Johnson el hablador escribió: “El ocioso es siempre inquisitivo y con frecuencia retentivo”. No ignoró la diligencia del ocioso, “rápida e impetuosa” cuando se presenta; pero tales “ejercicios diligentes del intelecto no pueden ser frecuentes, y además reciben con gusto cualquier ayuda que les permita hacerlo bien sin demasiado esfuerzo”. La de Stevenson es de hecho una apología de Johnson, un desarrollo posromántico de su línea de pensamiento. Y subraya algo que parece lugar común, sin serlo, desafortunadamente: “Las cosas que se hacen por gusto son más beneficiosas que las que se hacen por obligación”. ¿Por que no darnos el gusto de darnos el gusto? Si observamos a una de esas personas en afanosa actividad, encontramos que “va sembrando prisa y cosechando dispepsia, ha invertido un gran capital de actividad y como interés recibe una desazón nerviosa”, hasta convertirse en “un gran tormento para quienes le rodean”.
En cuanto a la marginalidad impuesta por los ocupados a los que no lo están, Stevenson recuerda cómo los de una profesión suelen despreciar a los que practican otra (los físicos a los abogados, etcétera), mas en lo que es casi un complot, “los de todas las profesiones están de acuerdo en menospreciar a los que no tienen ninguna”. De ahí que una proliferación de ociosos en rebeldía parezca una alternativa para detener la peligrosísima locura del capital y lograr un verdadero cambio social, por demás urgente.

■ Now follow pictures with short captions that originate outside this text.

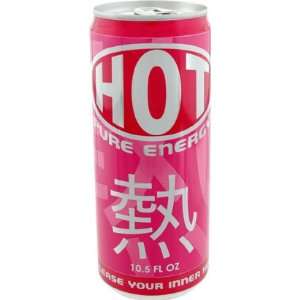  Hot Pure Energy Drink 24 10.5oz Cans: Kitchen & Dining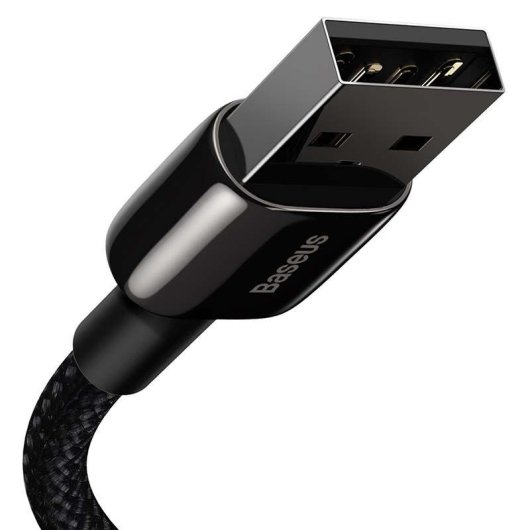 Cable USB a Lightning Baseus Tungsten 1 m Negro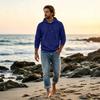Men's Oversized Hoodie Casual Streetwear Pullover for Daily Wear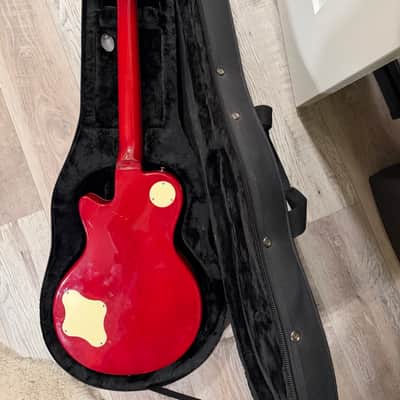 Stagg L320CS Electric Guitar with Case Flamed Cherry Sunburst image 5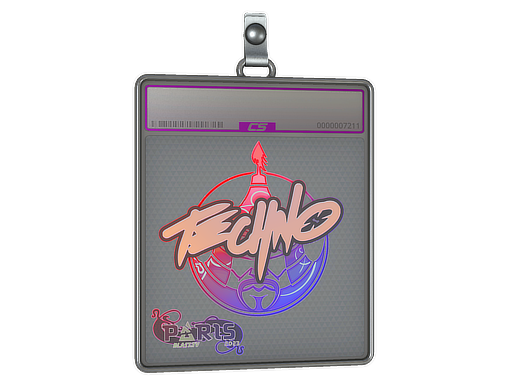 Item Sticker Slab | Techno4K (Holo) | Paris 2023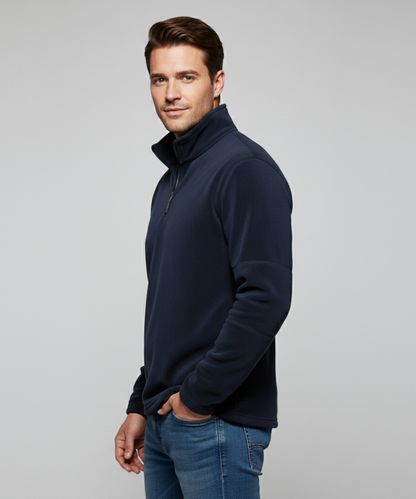 Avora Lyon | Sweat-shirt homme à col montant et demi-zip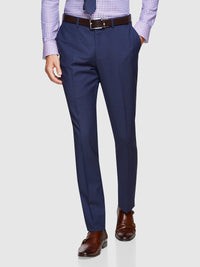 AUDEN WOOL SUIT TROUSERS NAVY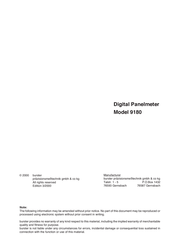 Burster 9180 Manual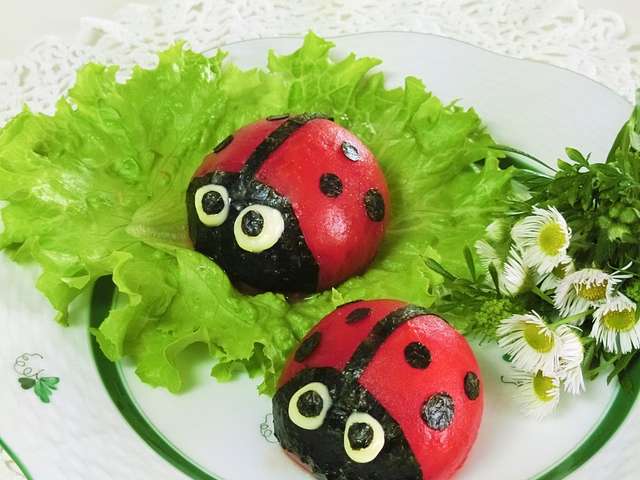 無料ダウンロードかわいい てんとう むし 無料イラスト集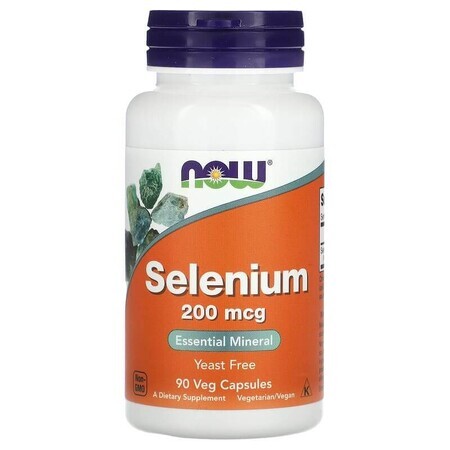 Selenium, 200 mcg, 90 vegetarische capsules, Now Foods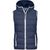 Ladies' Maritime Vest - Modische Steppweste mit angeschnittener Kapuze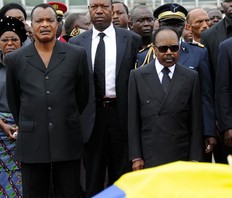 Omar Bongo et Denis Sassou Nguesso le 19 mars  Libreville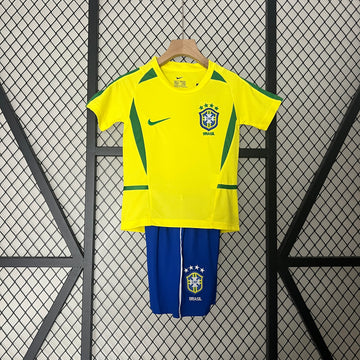 Brazil 2002 Home Football Jersey - Kids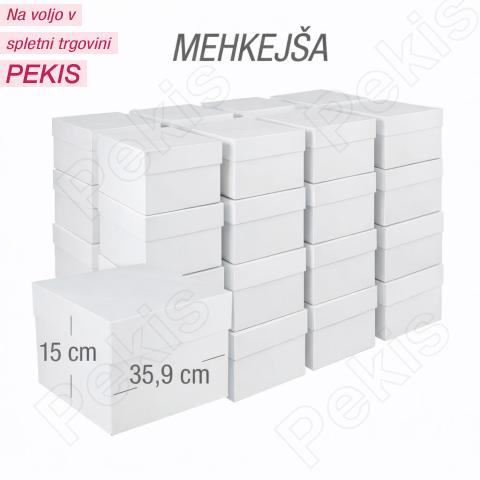 25x Kartonska embalaža za torto 35x35x15 cm, mehkejša ***-20%***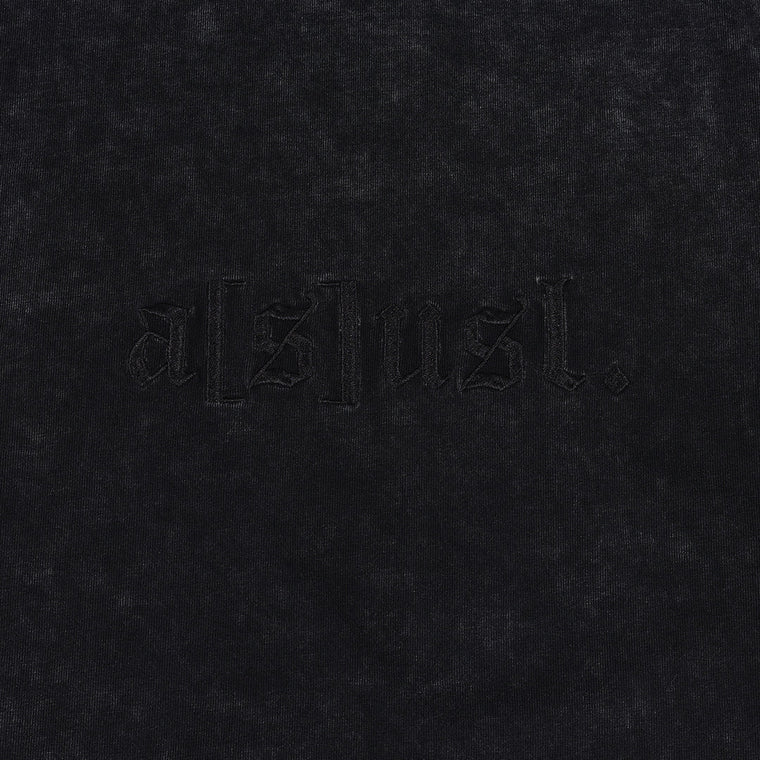 A[S]USL SNOW WASH LOGO LONG TEE-BLACK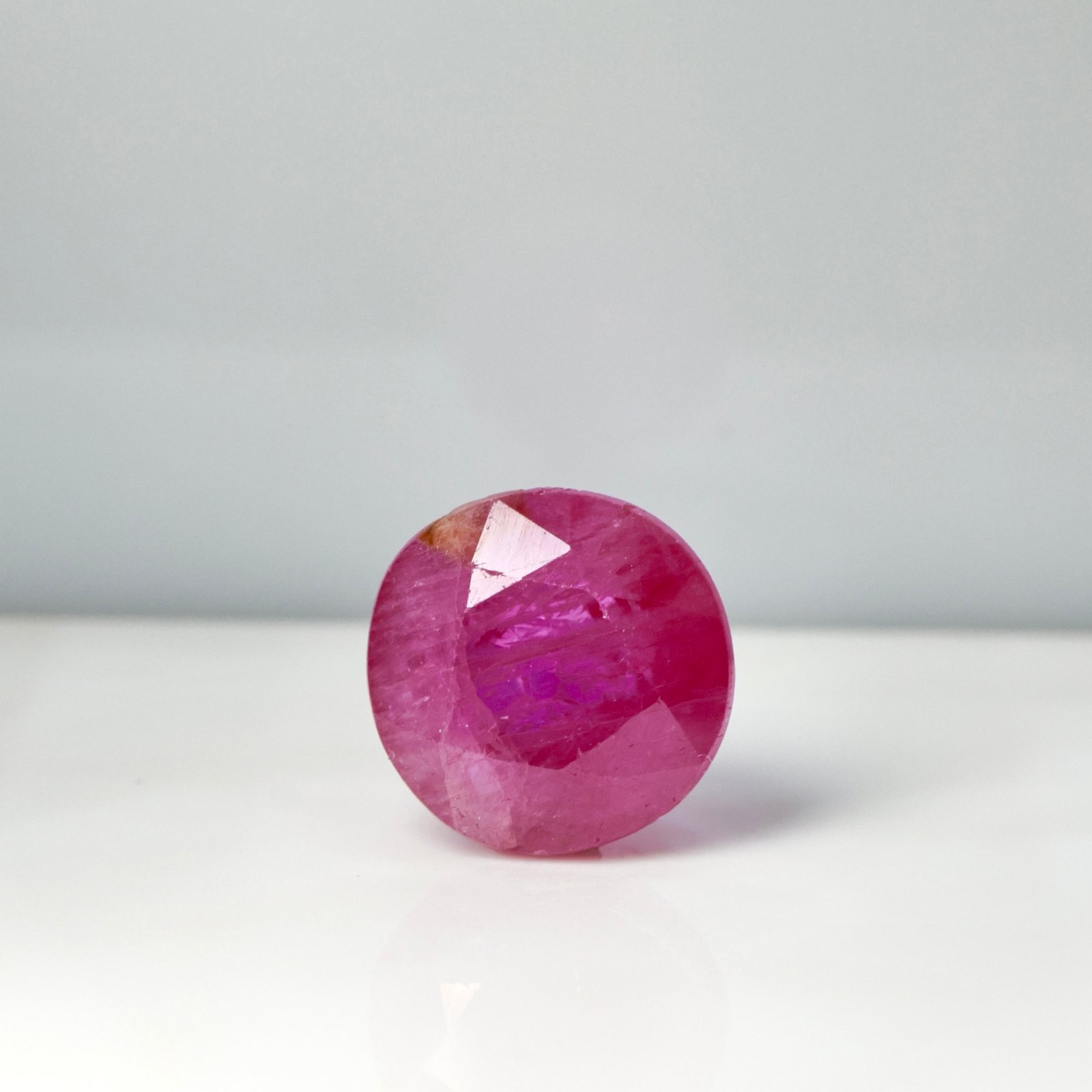 5.00CT Natural Ruby Oval Cut | Unheated & Untreated Certified Loose Gemstone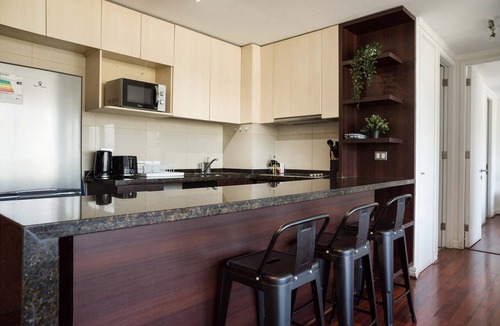 Apoquindo Apartment | Contemporary 2BR Getaway Pool & Fitness Center
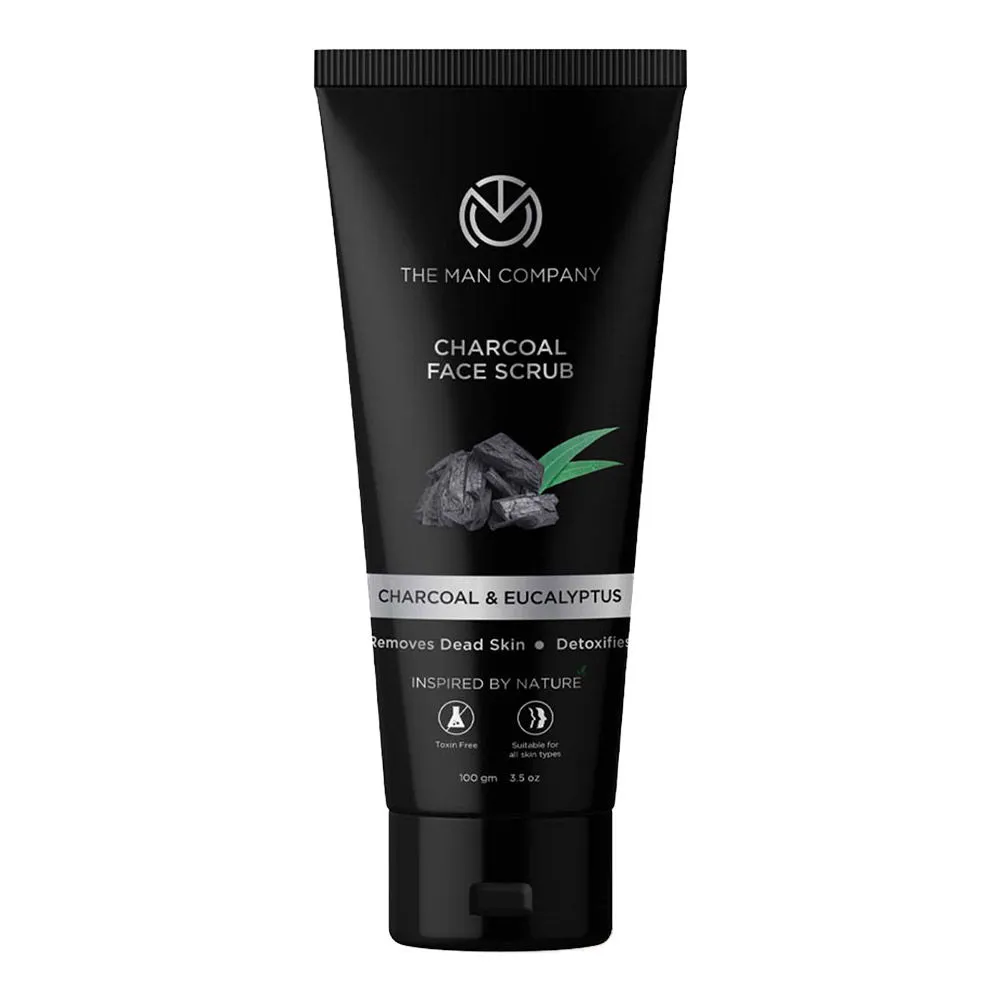 The Man Company Charcoal Face Scrub With Lemongrass & Eucalyptus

En la modernidad, alerta Hannah Arendt, “la contemplación se vació de significado”. La “inversión” de la época moderna consistió “en elevar la acción al rango de considerarla como el estado mayor del ser humano, como si en adelante la acción fuera el significado último” para interpretar la contemplación. Y la filosofía quedó degradada como nunca antes.